Consistent with epidemiological reporting patterns in so-called problem buildings, nasal irritant sensitivity appears to be non-randomly distributed in the population, with significant variability predicted by age, gender, and the presence of allergic rhinitis.
Judging by self-report, a substantial subset of individuals with allergic rhinitis--along with all individuals with nonallergic rhinitis (by definition)--are hyperreactive to non-allergic triggers. There is overlap between these triggers (elicited in the process of obtaining a clinical diagnosis) and environmental characteristics associated with ''problem buildings.'' Since individuals with self-identified rhinitis report an excess of symptoms in most epidemiologic studies of problem buildings (even in the absence of unusual aeroallergen levels), rhintics may be acting as a ''sentinel'' subgroup when indoor air quality is suboptimal. Together, non-allergic rhinitics plus allergic rhinitics with prominent non-allergic triggers, are thought to constitute approximately one-sixth of the US population.

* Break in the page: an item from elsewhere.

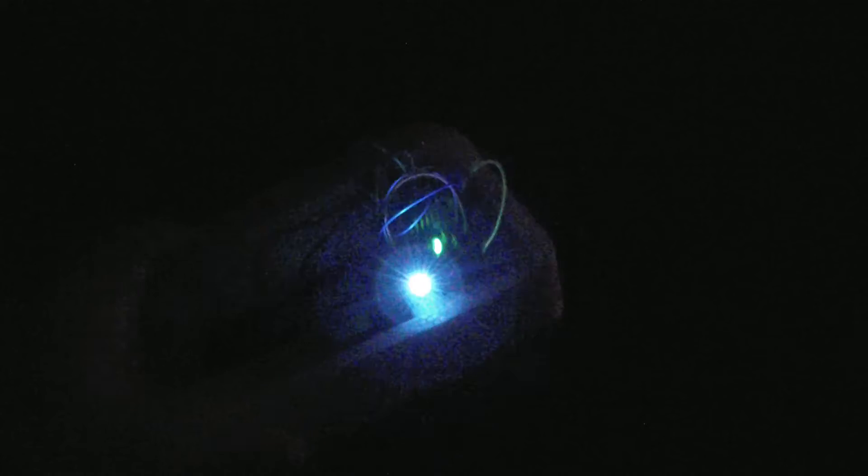I've got the receiver again. Wow, it's a lot further. I'd say I'm at least 30 metres away now.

Upper-respiratory-tract symptoms (nasal irritation, congestion and rhinorrhea) are prevalent complaints in so-called "problem buildings." In epidemiologic studies, symptom reporting is associated with selected subject characteristics, including younger age, female gender, and the presence of allergic rhinitis. The physiologic correlates of these differential reporting patterns, however, are largely unknown. Using dilute chlorine gas as a model upper-respiratory-tract irritant, we studied 52 otherwise healthy volunteers in a sample stratified on age (18-69 yr), gender, and allergy status. In a single-blinded crossover study, subjects had their nasal airway resistance measured preexposure, immediately postexposure, and 15 min postexposure to both filtered air and chlorine (1.0 ppm in air) for 15 min. Allergic rhinitic subjects showed a significantly greater net (chlorine minus air) congestive response at 15 min postexposure than did nonrhinitic controls (p <.01). Advancing age also predicted a greater response immediately post-exposure (p <.01). No gender effect was observed. Significant interindividual variability was evident in the nasal congestive response to irritant (chlorine) provocation. The rhinitis effect was consistent with prior observations, whereas the effect of advancing age was opposite to that hypothesized.
Individuals with seasonal allergic rhinitis (SAR) show a more marked nasal obstructive response (increases in nasal airways resistance or NAR) after provocation with chlorine gas (Cl2) than do nonrhinitic (NR) controls. We were interested in learning whether similar differential responsiveness was apparent after provocation with acetic acid vapor. Sixteen nonsmoking, nonasthmatic subjects, aged 21-63 yr, equally divided by gender and nasal allergy status, were enrolled in a single-blinded crossover study involving exposure to acetic acid (AA) vapor (15 ppm) or air for 15 min on separate days 1 wk apart. NAR was measured in triplicate before, immediately post-, and 15 min postexposure, was normalized to baseline on a given exposure day, and was expressed as Net [NAR/baseline] after acetic acid versus control (air) exposure. After log transformation to achieve normality, the mean loge of Net [NAR/baseline] was 0.22 for SAR subjects and -0.11 for NR subjects immediately postexposure (p<.05); the corresponding values were 0.24 and -0.08, respectively, at 15 min postexposure (p<.05). Inhalation of acetic acid at the (NIOSH-recommended) short-term exposure limit of 15 ppm for 15 min produces differential nasal airflow obstruction among SAR versus NR subjects, with the former showing greater physiologic reactivity to this stimulus. This differential responsiveness is consistent with our previous findings with Cl2, indicating that there may be a generalized susceptibility factor associated with allergic rhinitis. The response occurs with slight subjective nasal irritation.